[What is required]
Word for word, set down the full listing below.

= Beginning of Section =

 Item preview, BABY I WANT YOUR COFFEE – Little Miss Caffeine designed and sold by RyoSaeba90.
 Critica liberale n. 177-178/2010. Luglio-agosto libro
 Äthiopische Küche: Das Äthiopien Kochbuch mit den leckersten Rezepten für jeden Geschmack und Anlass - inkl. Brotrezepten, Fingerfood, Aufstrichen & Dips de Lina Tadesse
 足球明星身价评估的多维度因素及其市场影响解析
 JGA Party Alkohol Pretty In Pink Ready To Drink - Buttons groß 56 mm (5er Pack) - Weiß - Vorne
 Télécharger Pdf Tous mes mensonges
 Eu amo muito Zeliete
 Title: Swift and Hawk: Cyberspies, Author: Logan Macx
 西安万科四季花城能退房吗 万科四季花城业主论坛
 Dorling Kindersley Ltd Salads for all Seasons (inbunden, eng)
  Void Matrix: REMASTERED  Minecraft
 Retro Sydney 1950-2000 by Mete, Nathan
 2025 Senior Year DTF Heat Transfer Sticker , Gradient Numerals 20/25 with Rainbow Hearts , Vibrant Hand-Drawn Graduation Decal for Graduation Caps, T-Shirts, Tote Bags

= End of Section =

[Reply]
 Item preview, BABY I WANT YOUR COFFEE – Little Miss Caffeine designed and sold by RyoSaeba90.
 Critica liberale n. 177-178/2010. Luglio-agosto libro
 Äthiopische Küche: Das Äthiopien Kochbuch mit den leckersten Rezepten für jeden Geschmack und Anlass - inkl. Brotrezepten, Fingerfood, Aufstrichen & Dips de Lina Tadesse
 足球明星身价评估的多维度因素及其市场影响解析
 JGA Party Alkohol Pretty In Pink Ready To Drink - Buttons groß 56 mm (5er Pack) - Weiß - Vorne
 Télécharger Pdf Tous mes mensonges
 Eu amo muito Zeliete
 Title: Swift and Hawk: Cyberspies, Author: Logan Macx
 西安万科四季花城能退房吗 万科四季花城业主论坛
 Dorling Kindersley Ltd Salads for all Seasons (inbunden, eng)
  Void Matrix: REMASTERED  Minecraft
 Retro Sydney 1950-2000 by Mete, Nathan
 2025 Senior Year DTF Heat Transfer Sticker , Gradient Numerals 20/25 with Rainbow Hearts , Vibrant Hand-Drawn Graduation Decal for Graduation Caps, T-Shirts, Tote Bags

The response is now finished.